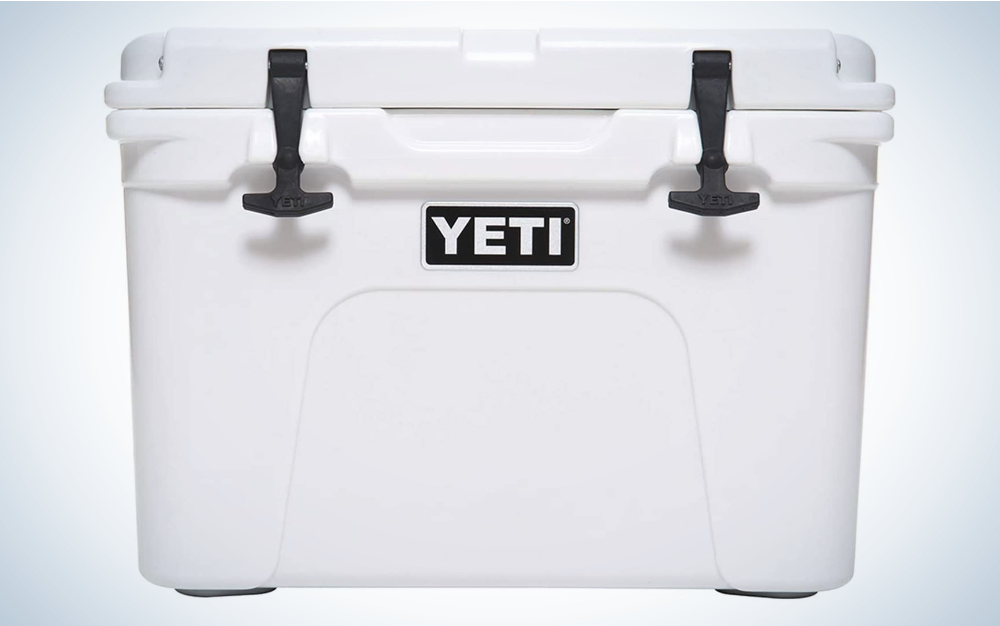 Best YETI Alternative (Hard & Soft Coolers ) ⋆ Expert World Travel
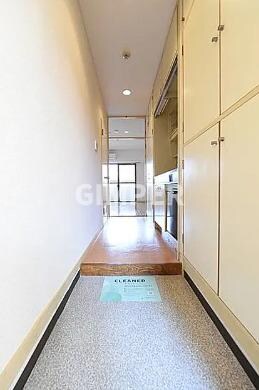 新宿御苑前駅 徒歩5分 10階の物件内観写真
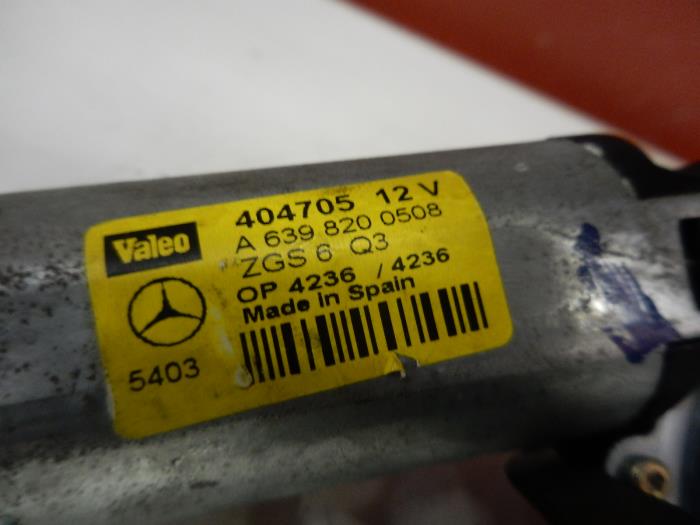 Scheibenwischermotor hinten van een Mercedes-Benz Vito (639.7) 2.2 115 CDI 16V 2004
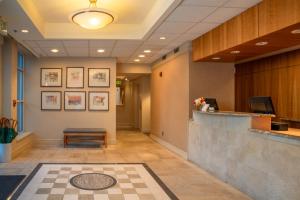 park lane suites and inn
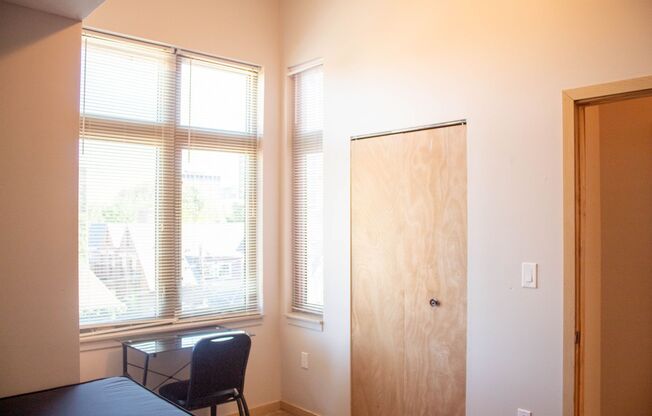 Studio, 2 baths, 1,011 sqft, $630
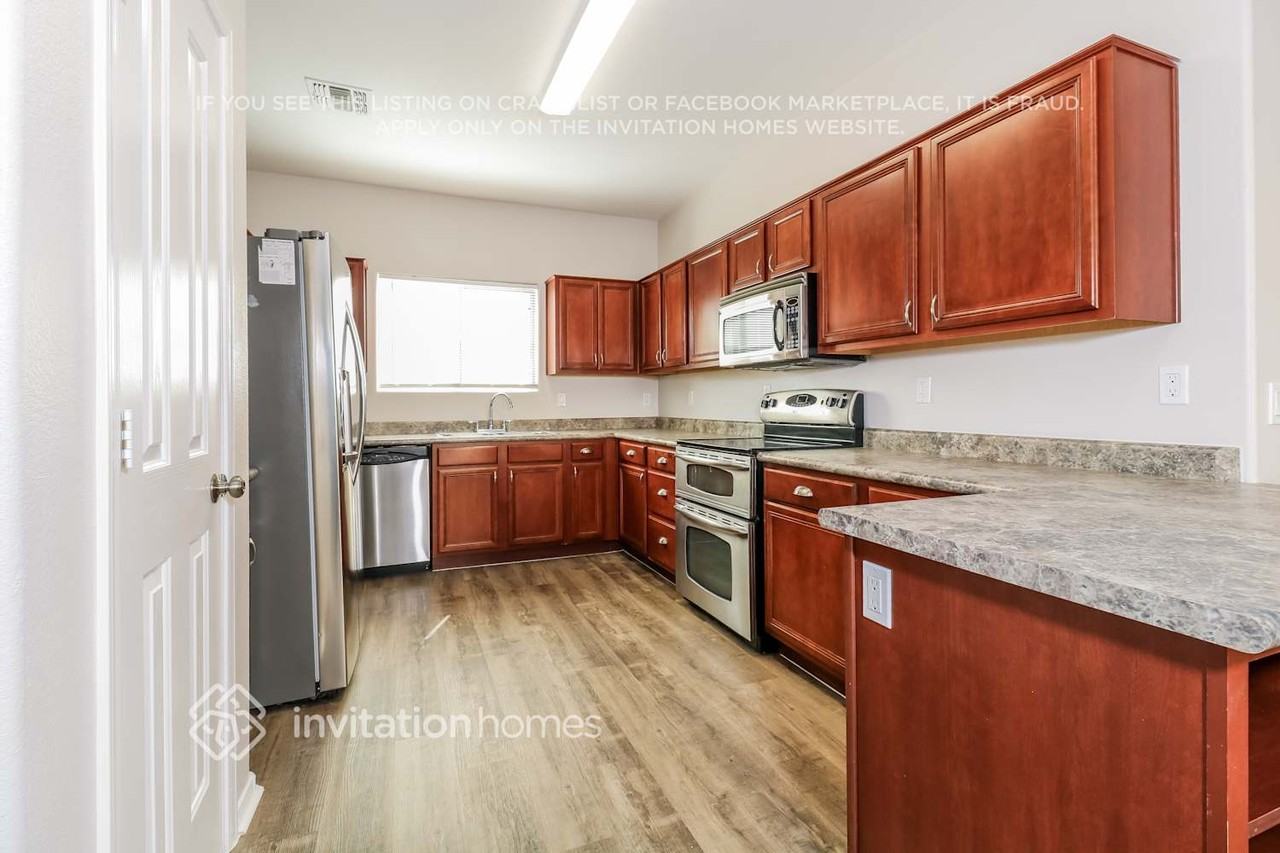 15949 W Mauna Loa Ln - Photo 5 of 17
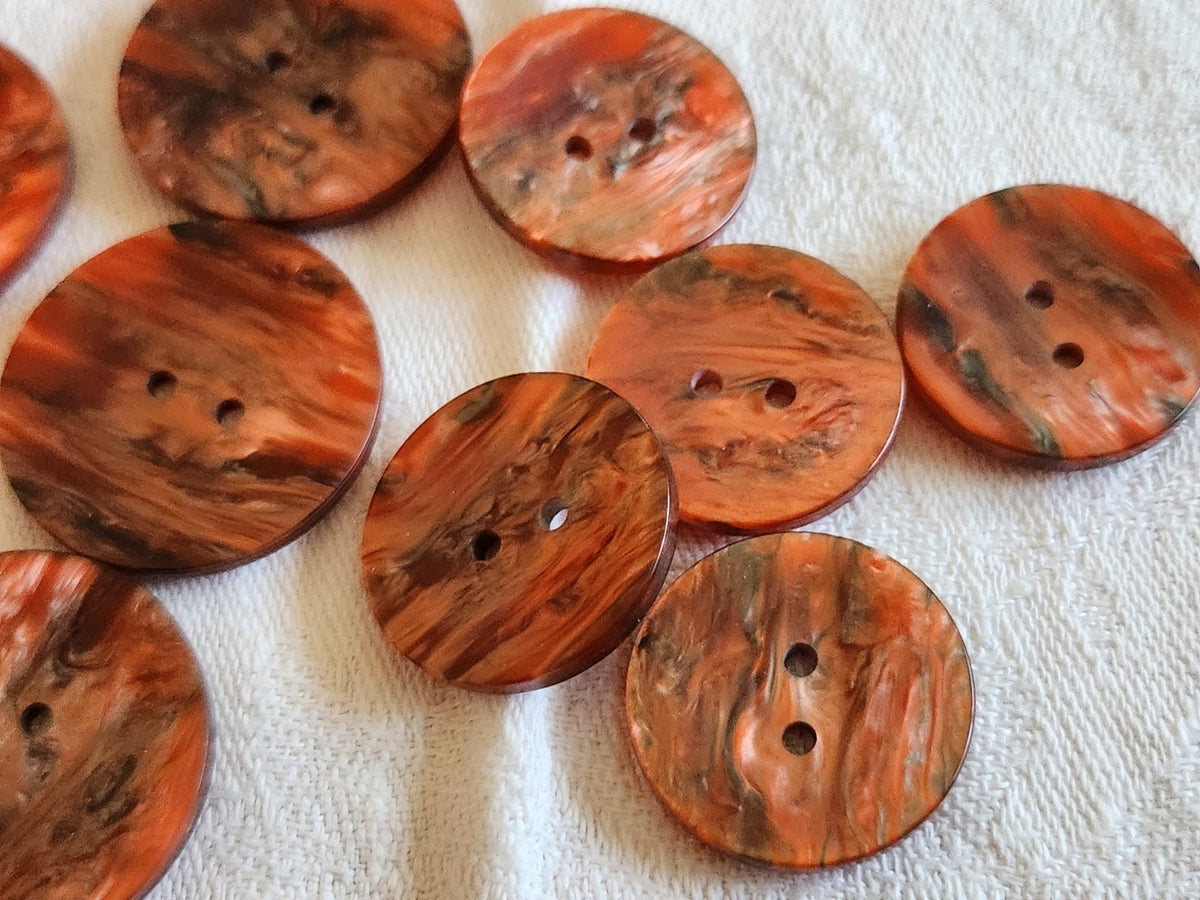 Lot 10 boutons vintage rouge camaïeu nacré 21 mm et 27 mm ref 6562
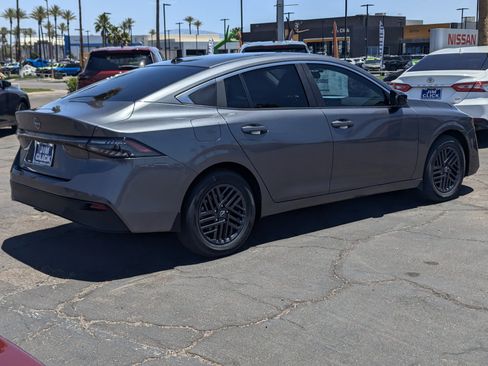 New 2026 Nissan Sentra SV w/ Floor Mat Package FWD image 2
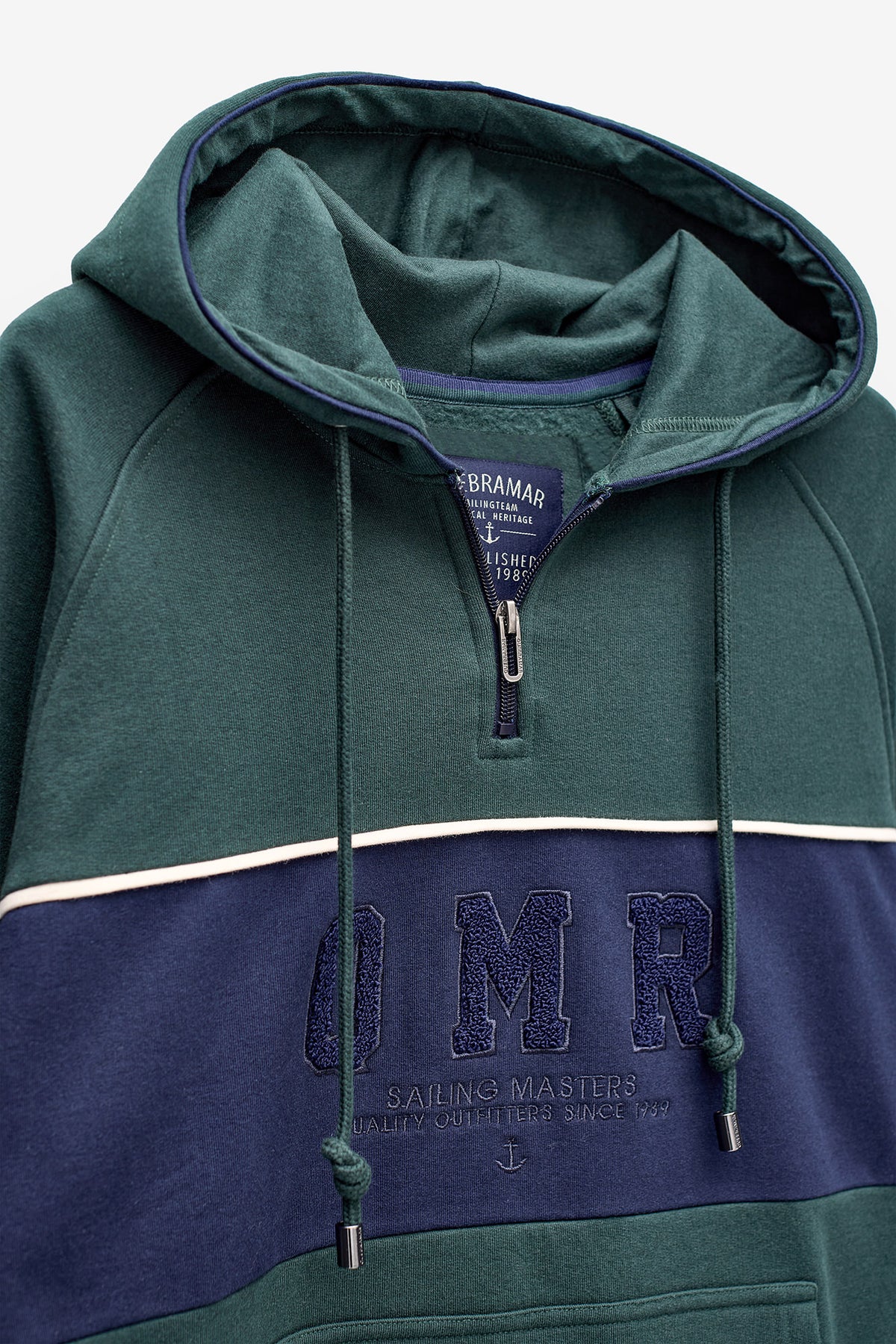 SWEATSHIRT COM PAINEL BORDADO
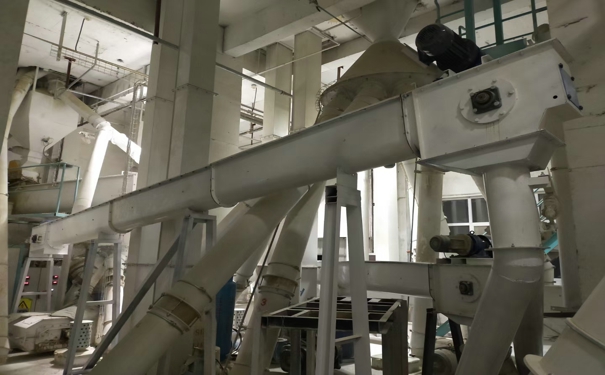 飼料成套加工設(shè)備報(bào)價(jià)多少錢?其未來(lái)的發(fā)展還存在很多問題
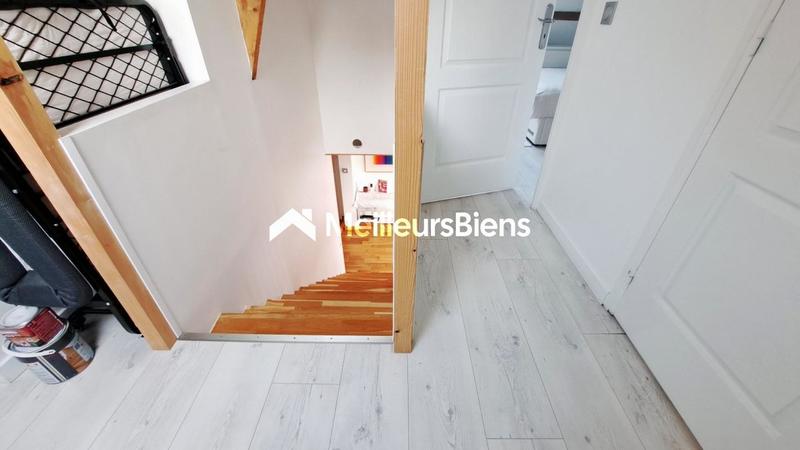 Maison - 219 m² - 8 pièces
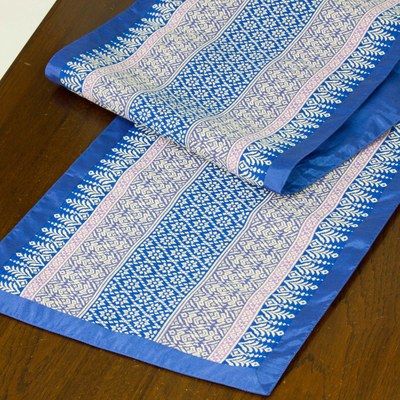 Tischläufer aus Baumwolle, „Blue Camellia“ – Tischläufer aus Baumwolle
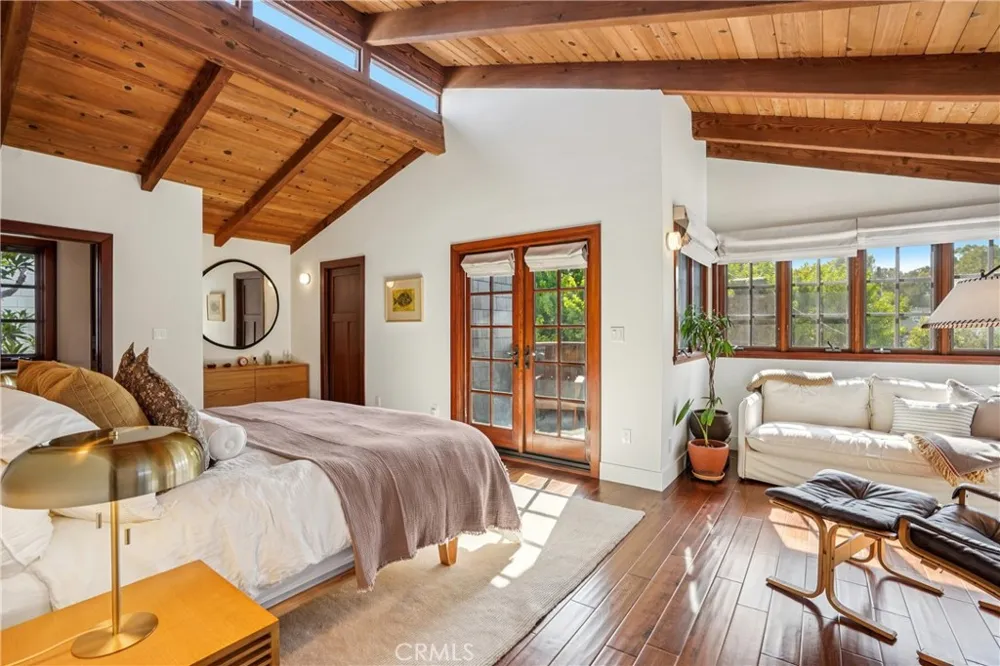1732 Poinsettia Avenue Manhattan Beach, CA 90266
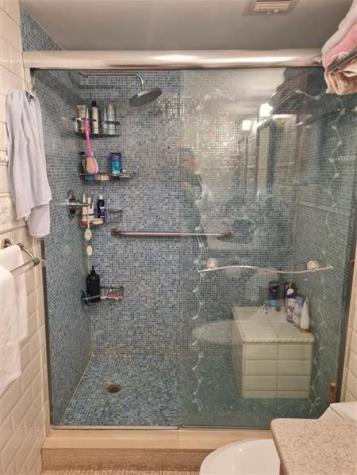 2851 NE 183 Aventura FL 33160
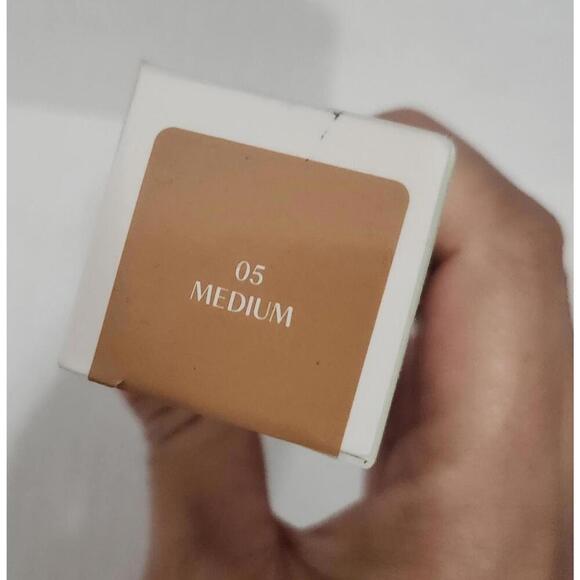 Huda Beauty Glowish MultiDew Skin Tint 05 Medium 40ml Radiant Foundation Makeup - Picture 3 of 4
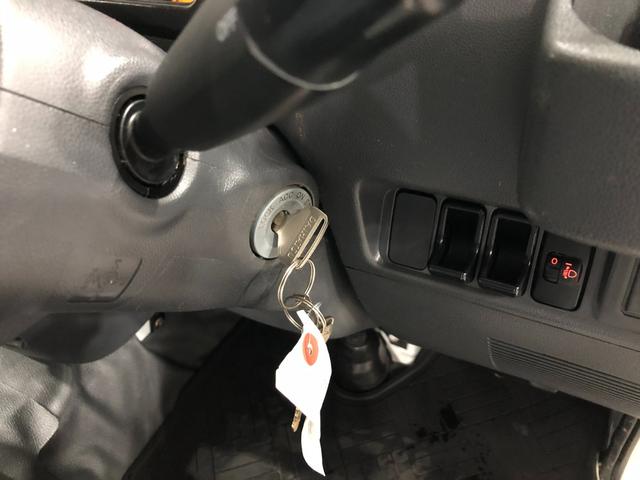 ハイゼットトラック エアコン・パワステ　スペシャル　４ＷＤ／走行４５８１８キロ　１年保証距離無制限　走行距離４５８１８キロ　４ＷＤ　純正フロアマット　助手席エアバッグ　マニュアルエアコン　スペアキー　メンテナンスノート（6枚目）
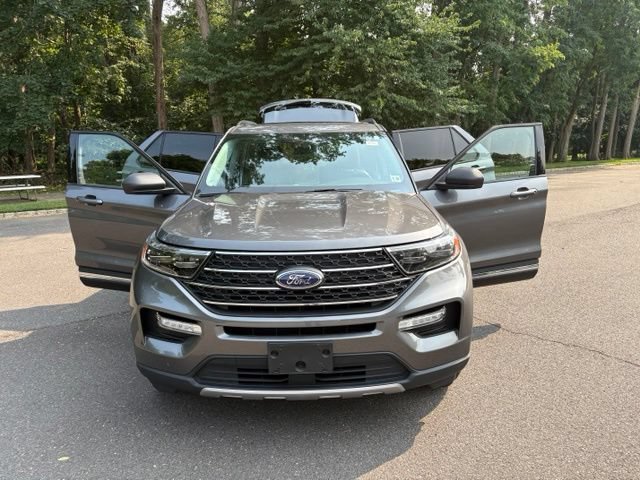 Certified 2022 Ford Explorer XLT w/ Equipment Group 202A AWD/4WD image 23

───

## [AIM OF THE EXERCISE]
Copy exactly the lines of the listing above between the one holding "新宿御苑前駅 徒歩5分 10階の物件内観写真" and the one holding "Tischläufer aus Baumwolle, „Blue", inclusive; omit all pictures.

## [SOLVED PROBLEM]
 新宿御苑前駅 徒歩5分 10階の物件内観写真
 Scheibenwischermotor hinten van een Mercedes-Benz Vito (639.7) 2.2 115 CDI 16V 2004
 park lane suites and inn
 Studio, 2 baths, 1,011 sqft, $630
 15949 W Mauna Loa Ln - Photo 5 of 17
 Lot 10 boutons vintage rouge camaïeu nacré 21 mm et 27 mm ref 6562
 New 2026 Nissan Sentra SV w/ Floor Mat Package FWD image 2
 SWEATSHIRT COM PAINEL BORDADO
 飼料成套加工設(shè)備報(bào)價(jià)多少錢?其未來(lái)的發(fā)展還存在很多問題
 Maison - 219 m² - 8 pièces
 Tischläufer aus Baumwolle, „Blue Camellia“ – Tischläufer aus Baumwolle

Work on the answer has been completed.